Profile of Tamara Miskovic - Download (MP3)
Profile of Tamara Miskovic - Listen (MP3)
Receiving support from the University of Minnesota Duluth is the reason Tamara Miskovic is attending the university at this time. “I am from Bosnia and Herzegovina actually from the capital of Bosnia and Herzegovina name Sarajevo and I came to the United States two months ago starting my social work master’s program here. Then I had an interview with the Dean of UMD,” she says. “Actually, I came here because people from the University of Minnesota Duluth were willing to support me because for young people from Bosnia and Herzegovina it is very difficult to afford money and to come abroad to study. So I got support and that was the main reason for my decision to come and study at the University of Minnesota.”
As the twenty-seven year old works towards a master's degree in social work, Tamara says her interest in the field started back home after realizing that her peers as well as herself needed basic services after the war there. "Actually, I finish social work at the university in Sarajevo and that was after the war. I was a kid during the war so social work is a human science and it attracted me to start changing not only something for myself, but also for the community and my peers in Bosnia and Herzegovina,” she says.
“So after the war there was a huge rate of unemployment. No one guaranteed that they would find employment when they finish studying. Also, if I go back to my country with my master’s degree no one will guarantee that I will be able to find work. We can always work but voluntary.

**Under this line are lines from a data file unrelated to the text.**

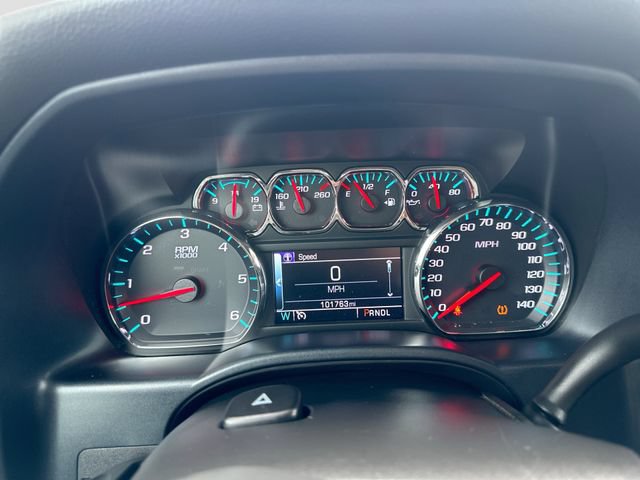 Used 2018 Chevrolet Silverado 1500 LT w/ Texas Edition RWD image 18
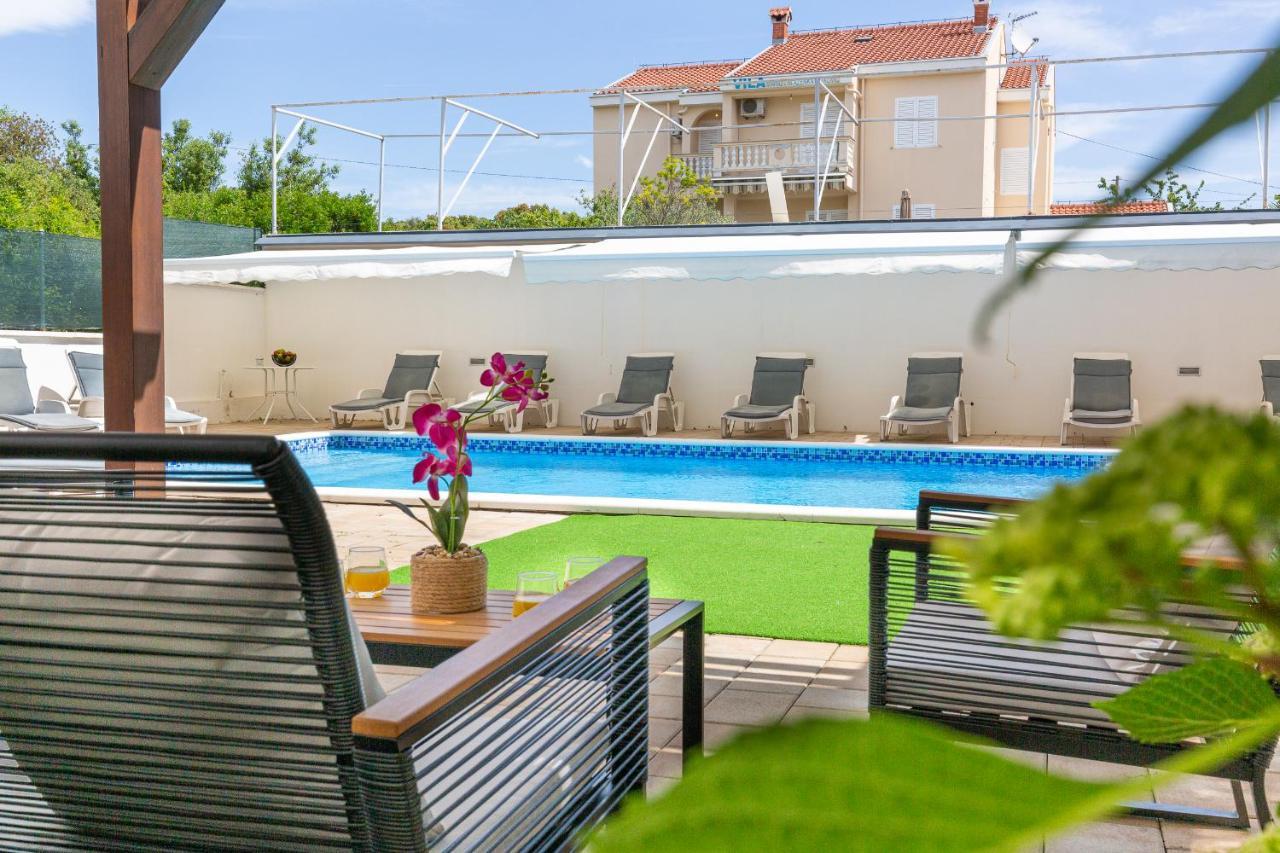 Villa Mirela ペトルチャネ エクステリア 写真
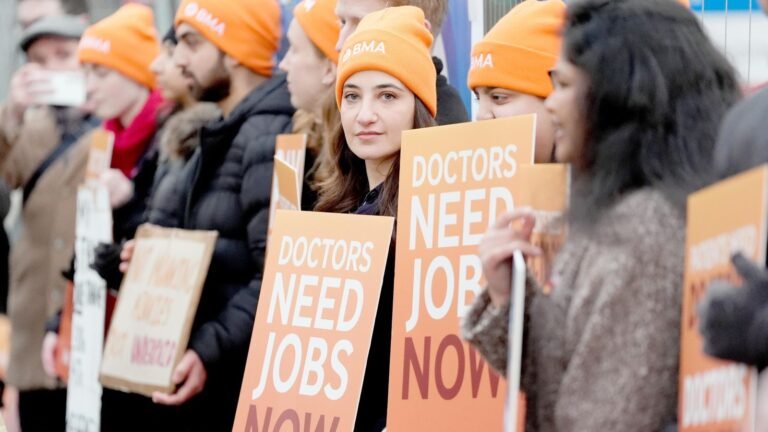 Resident doctors fail to meet Starmer’s deadline for deal | UK News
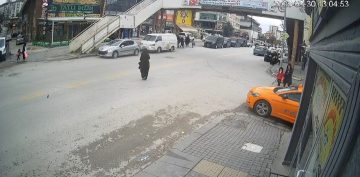 Ankara’da Trafik Kazası: Genç Kız Ağır Yaralandı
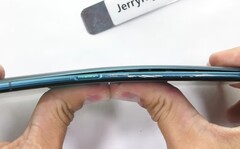 Eine gefährliche Lücke öffnet sich beim Oppo Reno Bendtest - ob es überleben wird?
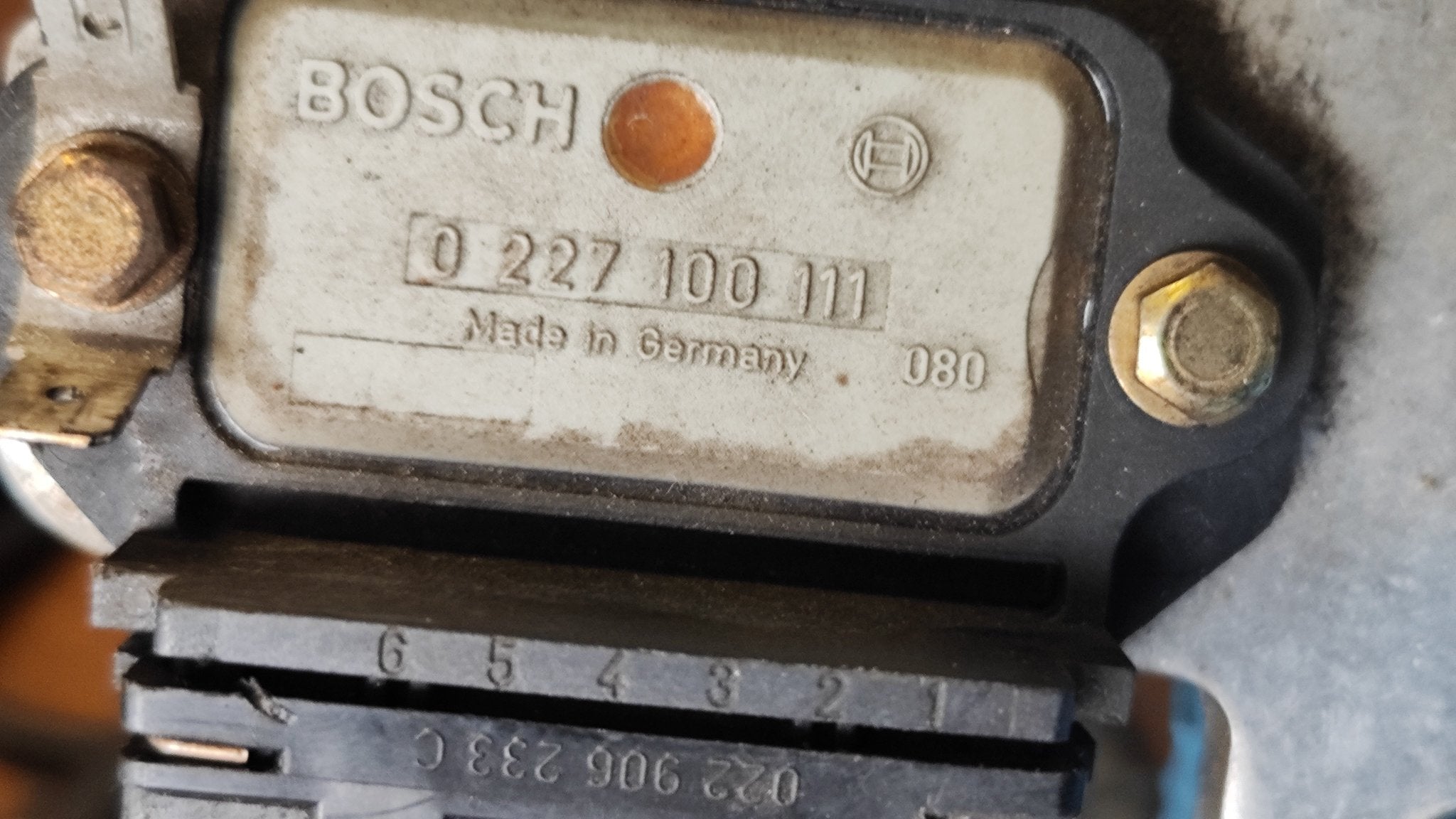 0237002133 spinterogeno Bosch Alfa Romeo 75 1600 - Debiautomotive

Also, these days there is post-traumatic syndrome with kids who are growing up divided between religions Catholic Bosnia’s is what we call them or orthodox so the country is divided. "I work there on integrating and reconciliation through different projects and activities to save those kids there,” she says.
“Also, people are in state of basic social needs or basic human needs. They need food. They need clothes and they need it now immediately and society has bigger problems and can't give support to kids so we have to do something for ourselves and care for ourselves so that is one of the reasons and how I decided and started with social work.”
Tamara says the university is a great place and she likes the diversity among students as well as the flexibility of the professors. “The first thing that I realize immediately when I came to the university was the differences and diversity among students and for me to be among those things was a huge and very big deal,” she says.
“I liked it so much and the other thing is the program and how it is created. How theory and practice are very integrated, but sometimes we lack in other countries so I got the opportunity immediately to implement everything that I studied. Also, flexibility and openness of professors is another thing that I like so much so I have to study hard, but that is something that I like and that gives me an opportunity to learn as much as possible.”
As an international student, Tamara says one thing she would like to achieve is meeting and becoming friends with American students. “This year I was thinking I was not culture shock, but again I had to go through the process and also I am alone here I don’t have any family," she says.
"Actually I have a host mother who helped me and with whom I live now, but international students are alone here when they don’t have their community then it is more difficult for them to deal with the culture shock,” she says.
“The question I am asking people around is how to make friends with American peers, with people from America who study with us. Sometimes what I see at the university is that there are multi-cultural clubs, but I am just afraid that it is only multi-cultural people that I see there. I would like more Americans to be involved with us and to be with us and I would like us to become friends.”
As for graduating from the University of Minnesota Duluth, Tamara says...”If everything is okay I should graduate in May 2009."